[Image-text web data]
□ □ □ □

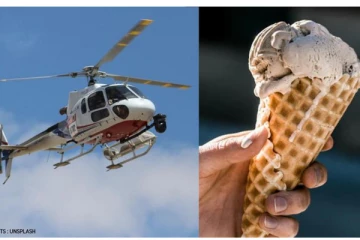 ஐஸ்கிரீம் வாங்க ஹெலிகாப்டரை ஊருக்குள் தரையிறக்கிய பைலட்! கனடாவில் பரபரப்பு சம்பவம்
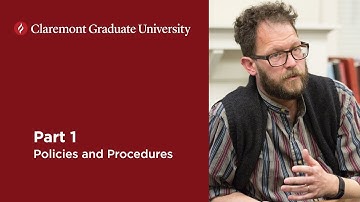 The Advisee-Advisor Relationship - 01. Policies and Procedures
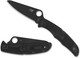Spyderco Pacific Salt 2 Folding Knife - 3.75" H1 Black TiCN Plain Blade, Black FRN Handles - C91PBBK2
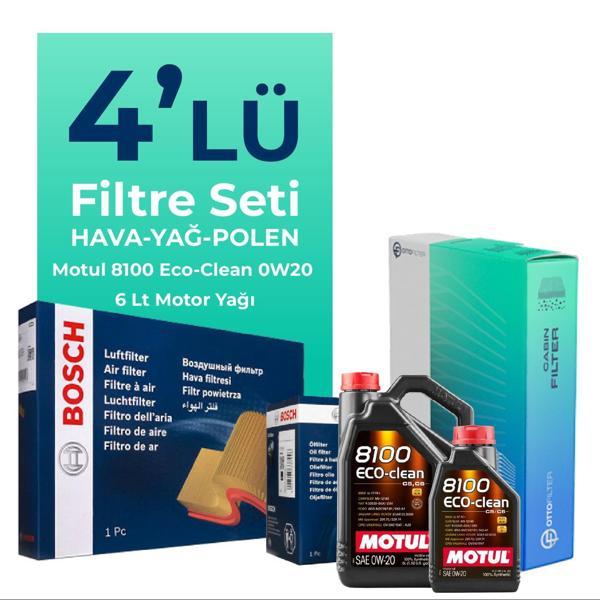 BOSCH Mercedes E180 1.5 Benzin Filtre Bakım Seti Motul Motor Yağlı (2023-2025) 4 Lü - Image 1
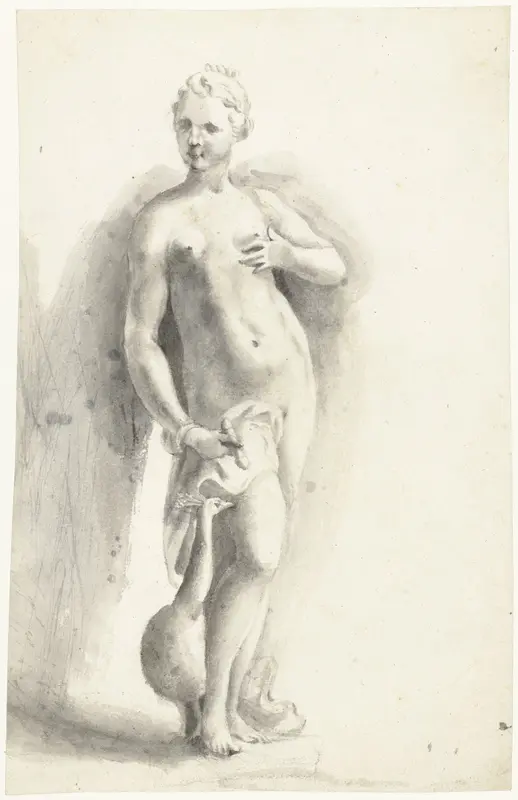 Beeld van Juno en de pauw Wall Art by Moses ter Borch - High-Resolution Digital Print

□ □ □ □

● **WHAT THE TASK REQUIRES**
Would you copy each line above exactly as given, dropping any images?

● **YOUR RESPONSE**
 ஐஸ்கிரீம் வாங்க ஹெலிகாப்டரை ஊருக்குள் தரையிறக்கிய பைலட்! கனடாவில் பரபரப்பு சம்பவம்
 The Advisee-Advisor Relationship - 01. Policies and Procedures
Spyderco Pacific Salt 2 Folding Knife - 3.75" H1 Black TiCN Plain Blade, Black FRN Handles - C91PBBK2
 BOSCH Mercedes E180 1.5 Benzin Filtre Bakım Seti Motul Motor Yağlı (2023-2025) 4 Lü - Image 1
 Beeld van Juno en de pauw Wall Art by Moses ter Borch - High-Resolution Digital Print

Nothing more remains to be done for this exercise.